Takich, jak Józef w świdnickim Schronisku im. Świętego Brata Alberta jest wielu. Niegdyś mieli dom, rodzinę, dziś nie mają nic. Jednych zniszczył alkohol, innych choroba albo inne sytuacje, na które nie mieli lub nie chcieli mieć wpływu. Dziś powoli budują swoje życie na nowo.

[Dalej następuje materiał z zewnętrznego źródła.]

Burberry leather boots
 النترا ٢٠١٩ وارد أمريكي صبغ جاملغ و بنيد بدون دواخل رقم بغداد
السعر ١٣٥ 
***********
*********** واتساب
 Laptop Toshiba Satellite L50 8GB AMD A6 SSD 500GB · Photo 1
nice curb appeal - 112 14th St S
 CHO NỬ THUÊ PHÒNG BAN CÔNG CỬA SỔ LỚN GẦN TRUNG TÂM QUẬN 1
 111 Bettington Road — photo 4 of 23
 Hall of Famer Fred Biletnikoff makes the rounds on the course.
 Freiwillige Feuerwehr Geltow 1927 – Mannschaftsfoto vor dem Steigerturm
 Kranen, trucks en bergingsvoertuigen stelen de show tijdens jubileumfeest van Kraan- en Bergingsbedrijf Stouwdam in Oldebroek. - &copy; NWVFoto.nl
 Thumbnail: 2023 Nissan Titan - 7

– Byłem zawodowym kierowcą. Przepracowałem 28 lat w świdnickim Przedsiębiorstwie Komunikacji Samochodowej. Zostałem odznaczony srebrną odznaką wzorowego kierowcy i złotą odznaką zasłużonego kierowcy – wspomina Józef. Ale jego losy potoczyły się zupełnie inaczej niż sądził. –Miałem w Świdnicy mieszkanie, jeden pokój. Żona piła, nie interesowała się dziećmi,. Już dawno ze sobą nie żyjemy, a córki się nie przyznają – dodaje Józef.
Świdniczanin choruje na serce. – Kiedyś zmiotło mnie w kościele. Poczułem straszny ból. Miałem zawał. Trafiłem do szpitala w Nowym Sączu, bo akurat w tamtych okolicach wtedy pracowałem. Od tego czasu wszystko się zaczęło – wspomina Józef. Potem trafił na ulicę. Świdniczanin nie chce wspominać tego okresu. Dziś mieszka w świdnickim Schronisku dla Bezdomnych, utrzymuje się ze skromnej renty. Okres życia na ulicy przypłacił amputowanymi stopami.
Takich, jak Józef jest wielu. Część z nich wciąż mieszka na ulicy, część trafiła do Schroniska Im. Świętego Brata Alberta.